Question

If $X \sim B(4, p)$ and $P(X = 0) = \frac{16}{81}$, then $P(X = 4) =$

• A. $\frac{1}{81}$
• B. $\frac{1}{16}$
• C. $\frac{1}{8}$
• D. $\frac{1}{27}$

Hint:

Notice the symmetry of the exponents in binomial boundaries! For $X = 0$, the value is simply $q^n$, and for $X = n$, the value is simply $p^n$. Since $q^4 = (2/3)^4$, its complement must be $p = 1/3$. Raising that to the fourth power gives $\frac{1}{81}$ in one quick step!

Answer 1

The Correct Option is A

Step 1: Understanding the Question:
The problem presents a random variable $X$ that follows a binomial distribution with parameters $n = 4$ and success probability $p$. Given the probability value for zero successes, we need to evaluate the probability of getting exactly 4 successes.

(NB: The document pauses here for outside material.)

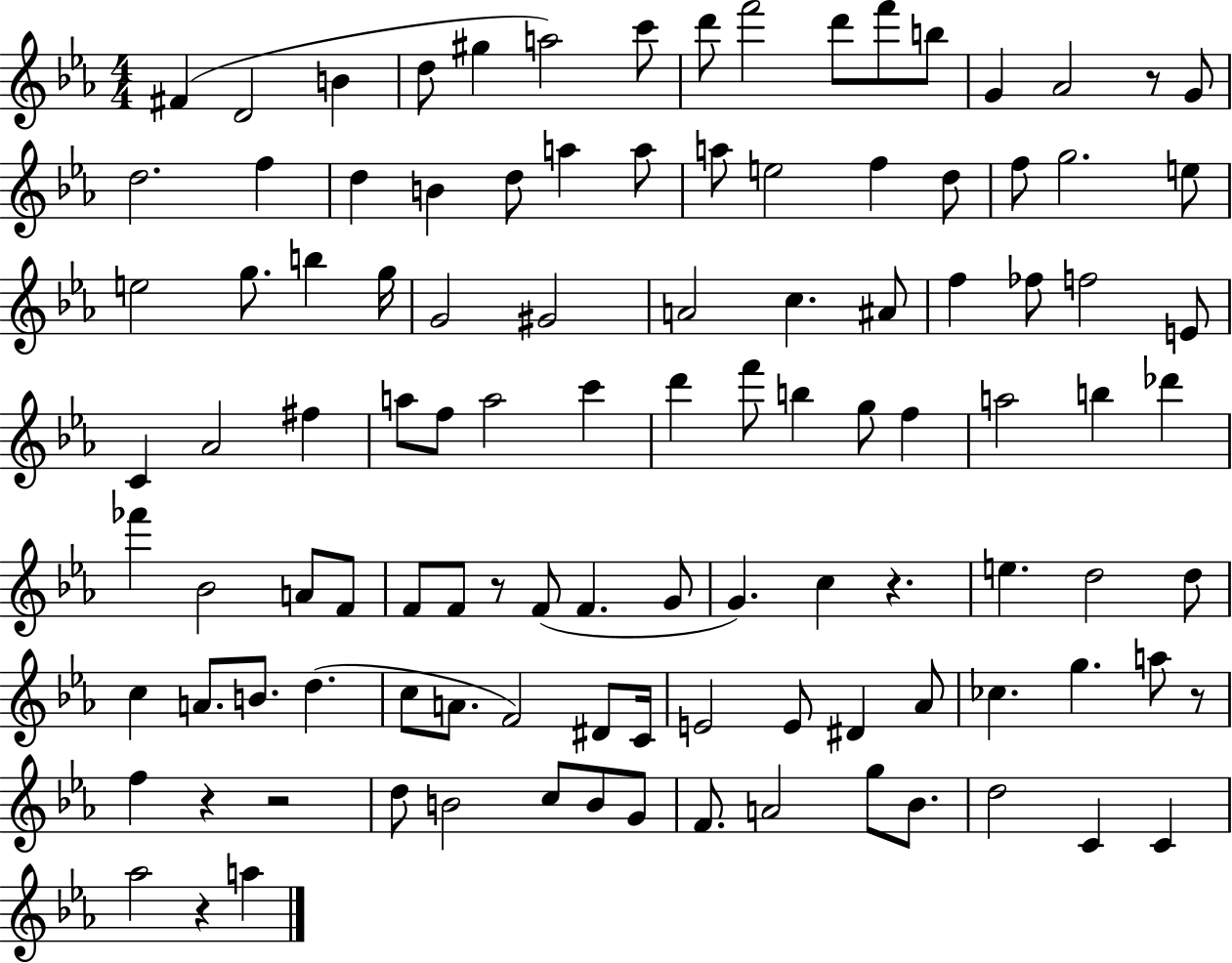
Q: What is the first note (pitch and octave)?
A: F#4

Step 2: Key Formula or Approach:
The probability mass function of a binomial distribution is given by the formula: $$ P(X = x) = \binom{n}{x} p^x q^{n-x} $$ where $q = 1 - p$ represents the probability of failure.

Step 3: Detailed Explanation:
We are given that $n = 4$ and $P(X = 0) = \frac{16}{81}$. Let's write out this probability expression: $$ P(X = 0) = \binom{4}{0} p^0 q^{4-0} = \frac{16}{81} $$ Since $\binom{4}{0} = 1$ and $p^0 = 1$, the equation simplifies to: $$ q^4 = \frac{16}{81} $$ Taking the fourth root on both sides to find $q$: $$ q = \sqrt[4]{\frac{16}{81}} = \frac{2}{3} $$ Now, calculate the success probability parameter $p$: $$ p = 1 - q = 1 - \frac{2}{3} = \frac{1}{3} $$ Next, let's find the required probability for $X = 4$ using our calculated values: $$ P(X = 4) = \binom{4}{4} p^4 q^{4-4} $$ Since $\binom{4}{4} = 1$ and $q^0 = 1$: $$ P(X = 4) = p^4 = \left(\frac{1}{3}\right)^4 = \frac{1}{81} $$

Step 4: Final Answer:
The probability $P(X = 4)$ is equal to $\frac{1}{81}$, which corresponds to option (A).